The fact that Buffalo Pass Road is open to the summit at the summer solstice is a fluky condition. It allows local nature photographers to gain that awesome vantage point while the sun is at the far northern end of its annual journey up the western horizon. The chance to make images in these conditions may not come again soon.

But it's the haze in the air that's really presenting a rare opportunity for local photographers. Both at sunrise and sunset, the closest star to earth appears like a red ball on the horizon. The smoke particles are filtering out the bluest light waves and allowing the warm end of the spectrum to dominate.

From the switchbacks on Buffalo Pass Road, photographers can pick out locations with four overlapping mountain ranges to put some dramatic subject matter in a smoky sunset.

The prime time for sunset this week is about 8:30 p.m. But there are great photo opportunities at the summit of Buff Pass during the preceding two hours. The glacier lilies are peaking right now and their dramatic stamens are beautiful when backlit by a low sun. If you think you need a macro lens to photograph wildflowers, it just ain't so. You can get nice results with an 80-200 mm zoom.

The key is getting down on your belly to shoot from a low perspective.
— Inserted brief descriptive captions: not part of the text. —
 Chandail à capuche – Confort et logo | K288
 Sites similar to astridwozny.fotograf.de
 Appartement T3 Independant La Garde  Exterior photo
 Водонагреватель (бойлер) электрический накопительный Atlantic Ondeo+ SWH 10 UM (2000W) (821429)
If you're shooting into the sun to get that backlit effect, try shading your lens with a baseball cap (your camera needs to be on a tripod to pull this stunt unless you have a photo assistant along).

Many people stop at Summit Lake, but nearby Jonah Lake is much more picturesque. Be prepared to walk across snow this weekend on the way to Jonah Lake. If you're patient enough to shoot wildlife, there are cute picas living in the tumble of rocks at the southwest end of the lake.

Watch for the lake to glass off and reflect pink boulders in the water as the sun gets low in the sky.

At about 7:30 p.m., it's time to head back to the vehicle and choose your sunset location.

You should use a cable release to eliminate camera vibrations at shutter speeds of one-fifteenth of a second and slower. But if you leave your cable release at home, there's a way around this step. Simply use the self-timer on the camera that is typically employed only when the photographer wants to dash into his own family portrait. If you're camera is equipped with a mirror lockup, and you're using a heavy zoom lens, I'd recommend taking this extra precaution. The mere slap of a mirror returning to position inside the camera body can cause blurry pictures.

When photographing sunsets, don't trust your camera's onboard meter. It is recommending the proper exposure for the darkening skies, which will overexpose the subtle tints of orange and lavender you are after.

I recommend you bracket your exposures at least a half stop above and below your camera's recommended setting.

Yes, you'll waste some film. But what's a few wasted frames when forest fires and the summer solstice are combining to present you with the photo opportunity of a lifetime?